____ DATA SECTION
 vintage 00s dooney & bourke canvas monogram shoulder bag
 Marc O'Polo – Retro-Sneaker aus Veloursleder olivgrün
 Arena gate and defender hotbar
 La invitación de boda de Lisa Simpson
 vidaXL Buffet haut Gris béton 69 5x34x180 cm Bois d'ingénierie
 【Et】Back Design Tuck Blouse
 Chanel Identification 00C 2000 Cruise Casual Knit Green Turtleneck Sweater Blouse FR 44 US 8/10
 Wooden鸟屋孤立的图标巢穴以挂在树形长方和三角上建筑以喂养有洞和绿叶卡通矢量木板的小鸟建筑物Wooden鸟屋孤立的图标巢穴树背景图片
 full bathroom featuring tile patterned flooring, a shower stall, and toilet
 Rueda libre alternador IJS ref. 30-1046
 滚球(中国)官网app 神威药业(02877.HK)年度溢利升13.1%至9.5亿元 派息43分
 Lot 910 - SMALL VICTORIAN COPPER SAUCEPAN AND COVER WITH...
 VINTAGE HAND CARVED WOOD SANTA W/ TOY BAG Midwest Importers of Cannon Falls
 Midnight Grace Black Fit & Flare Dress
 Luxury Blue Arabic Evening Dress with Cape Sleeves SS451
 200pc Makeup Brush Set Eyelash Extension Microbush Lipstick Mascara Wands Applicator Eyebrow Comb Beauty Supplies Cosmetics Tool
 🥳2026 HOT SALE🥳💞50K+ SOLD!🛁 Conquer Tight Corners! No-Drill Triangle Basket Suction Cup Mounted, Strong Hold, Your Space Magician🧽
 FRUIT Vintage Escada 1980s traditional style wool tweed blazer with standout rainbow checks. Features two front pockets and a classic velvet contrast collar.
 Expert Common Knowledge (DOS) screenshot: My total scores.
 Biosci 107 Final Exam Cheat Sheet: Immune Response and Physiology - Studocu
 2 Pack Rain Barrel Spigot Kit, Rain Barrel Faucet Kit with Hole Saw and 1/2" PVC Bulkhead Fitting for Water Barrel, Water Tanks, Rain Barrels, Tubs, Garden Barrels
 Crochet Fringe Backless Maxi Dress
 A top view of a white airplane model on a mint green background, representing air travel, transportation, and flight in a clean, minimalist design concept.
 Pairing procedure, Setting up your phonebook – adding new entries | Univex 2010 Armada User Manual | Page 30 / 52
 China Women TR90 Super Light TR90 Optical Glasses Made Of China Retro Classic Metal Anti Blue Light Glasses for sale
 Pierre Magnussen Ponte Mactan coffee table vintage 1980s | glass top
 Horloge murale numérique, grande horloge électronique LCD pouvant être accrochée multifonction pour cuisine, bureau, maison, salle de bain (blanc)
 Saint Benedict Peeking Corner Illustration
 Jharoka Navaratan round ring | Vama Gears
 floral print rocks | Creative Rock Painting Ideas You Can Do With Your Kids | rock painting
________
Review the preceding data and report every line that includes the string "Blue".

 Luxury Blue Arabic Evening Dress with Cape Sleeves SS451
 China Women TR90 Super Light TR90 Optical Glasses Made Of China Retro Classic Metal Anti Blue Light Glasses for sale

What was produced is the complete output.